> **Problem requirements**
Below is a listing; transcribe it exactly but without any images.

> **The data**
•••••

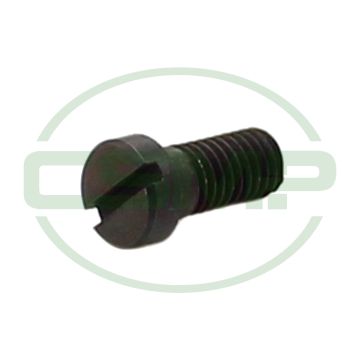 22593 SCREW UNION SPECIAL / NEWLONG HR-4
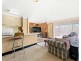 4/6 Eric Fenning Drive, Surf Beach NSW 2536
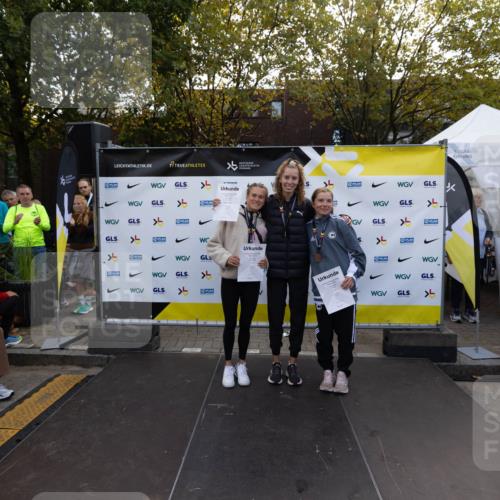 15.09.2024 - PSD Bank Halbmarathon Michael Strokosch http://msf.ph/oto/7096593 15.09.2024 12:33:50 Allgemein zum Event  meine-sportfotos.de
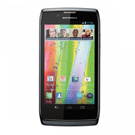 Razr V (XT885) [2012]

•••••

> **Result**
 22593 SCREW UNION SPECIAL / NEWLONG HR-4
 4/6 Eric Fenning Drive, Surf Beach NSW 2536
 15.09.2024 - PSD Bank Halbmarathon Michael Strokosch http://msf.ph/oto/7096593 15.09.2024 12:33:50 Allgemein zum Event  meine-sportfotos.de
 Razr V (XT885) [2012]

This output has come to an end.